UN rights chief Volker Turk said that more than 130 opponents of Myanmar’s military regime have been sentenced to death.
Myanmar’s military government is using capital punishment as a tool to crush opposition to its rule and has sentenced more than 130 opponents of the regime to death since February 2021, a senior United Nations official said.
UN High Commissioner for Human Rights Volker Turk said on Friday that at least seven university students were sentenced to death behind closed doors on Wednesday, and there are reports that as many as four more youth activists were also sentenced on Thursday.
Turk called for a suspension of all executions and for Myanmar’s military rulers to place a moratorium on the use of the death penalty.
“The military continues to hold proceedings in secretive courts in violation of basic principles of fair trial and contrary to core judicial guarantees of independence and impartiality,” he said in a statement.
The military had also shown a disdain for regional and international peace efforts “by resorting to use death sentences as a political tool to crush opposition”, the UN chief said.
The Students’ Union of Dagon University in Yangon – the country’s largest city – announced on Thursday that seven university students between the ages of 18 and 24 who were arrested on April 21 had been sentenced to death on Wednesday by a military court in Yangon’s Insein prison.

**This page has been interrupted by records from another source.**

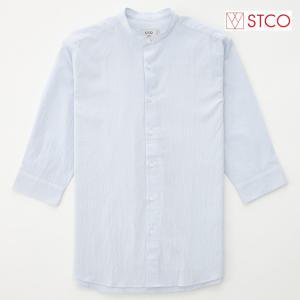 에스티코 STCO 클래식핏 헨리넥 7부 셔츠 블루 SDSUB55CSL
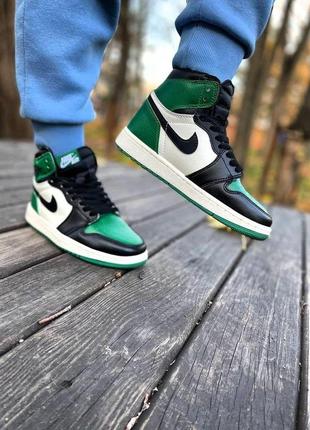 Жіночі кросівки nike air jordan 1 retro high black white green/женские кроссовки найк аир джордан8 фото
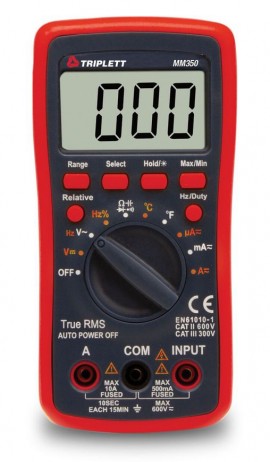 Triplett MM350-NIST True RMS Auto Ranging Digital Multimeter,-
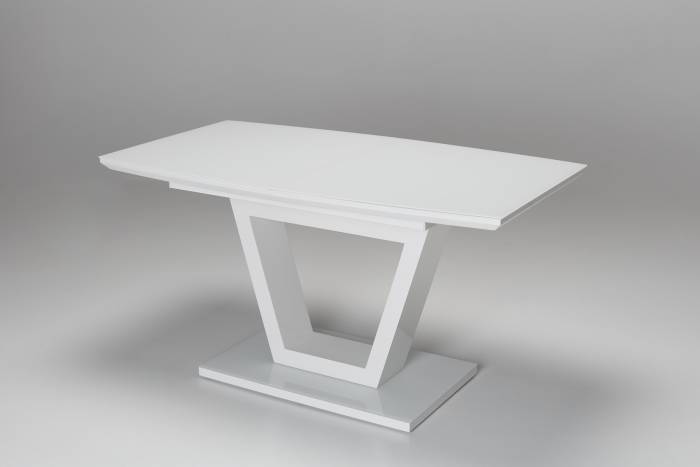 Vermont 1.4m to 1.8m Extendable Dining Table with Sculptural Base - White Gloss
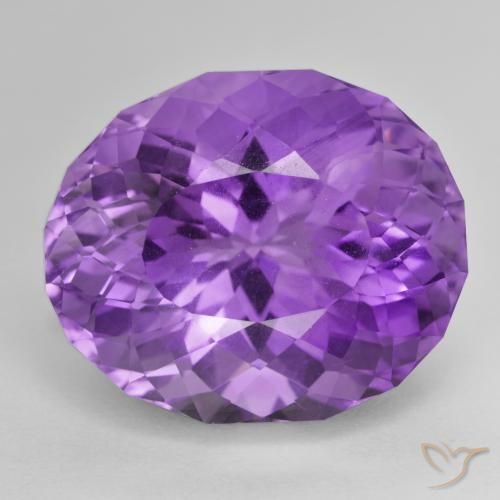 33.08ct Natural Violeta intenso Amatista, Ovalada, VVS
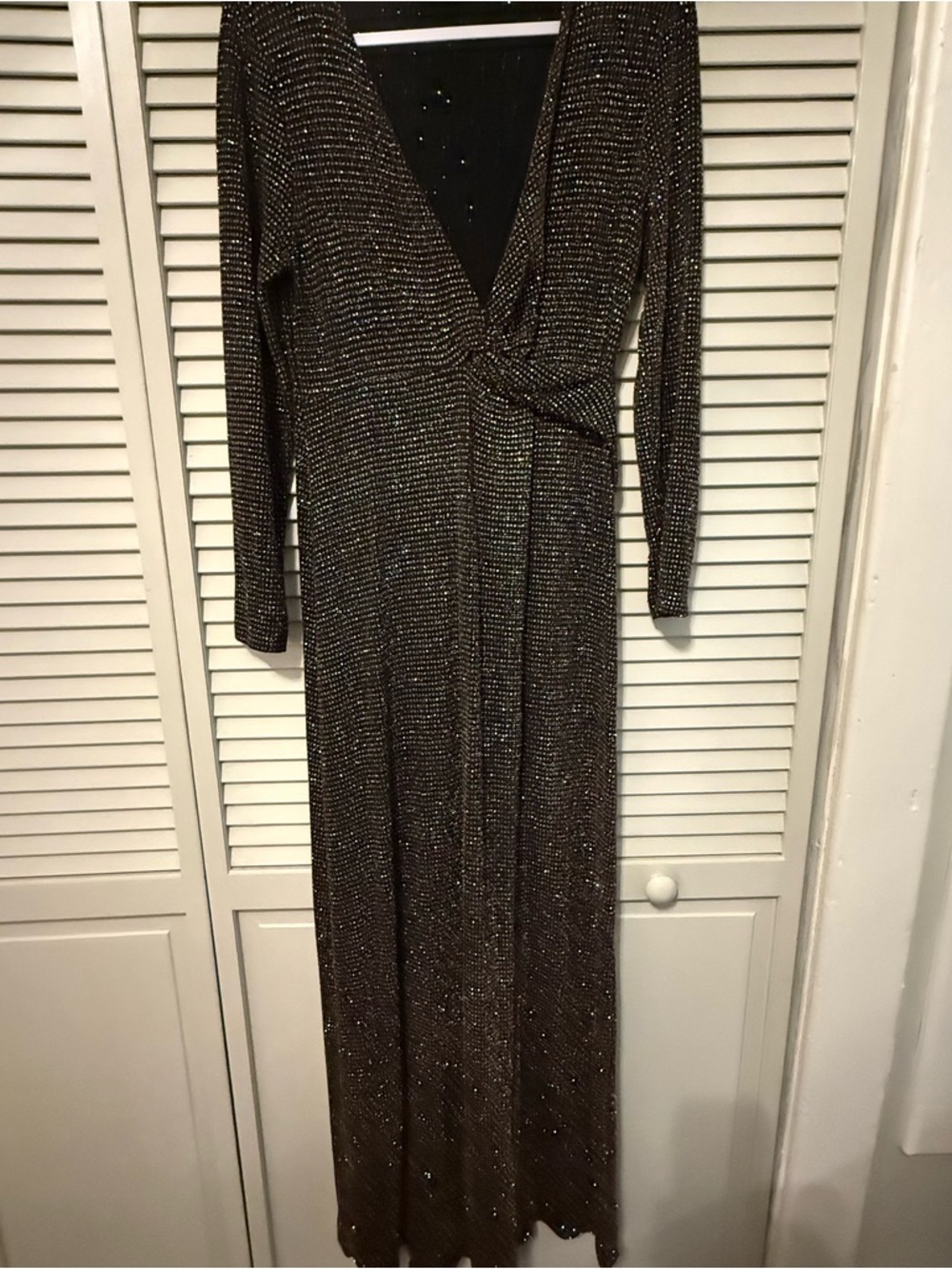 Stunning Old Hollywood Style Metallic Wrap Gown in Black and Gold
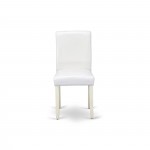 5Pc Square 36" Table, Four Parson Chair, White Leg, Pu Leather Color White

An executive member of the Dagon University Students’ Union told The Associated Press that the seven were accused of links to an urban armed movement opposed to military rule and were convicted of murder for allegedly taking part in shooting a bank branch manager in April.
About 2,000 people have also been killed since the military seized power and toppled the democratically elected government of Aung San Suu Kyi, said Duwa Lashi La, the head of a parallel civilian government established in opposition to the military regime.
Duwa Lashi La, the acting president of the National Unity Government (NUG), which is comprised of remnants of the administration of deposed leader Aung San Suu Kyi and others, told Reuters on Thursday that the death toll was high but it was “the price we must pay” to resist the military.
The crushing of peaceful protests against military rule has now fuelled a popular armed resistance movement and that, in turn, has increased repression by the military, particularly in rural areas.
In late July, the military hanged four political activists in the country’s first executions in at least 30 years.
The hangings prompted condemnation from Western nations and the Association of Southeast Asian Nations (ASEAN), which has sought to defuse the crisis with a five-point peace plan that the military government has failed to implement.
While Western nations have voiced support for the NUG and sanctioned military commanders and companies, they have stopped short of supplying military aid for the opposition and say that ASEAN is the best placed to resolve the crisis peacefully.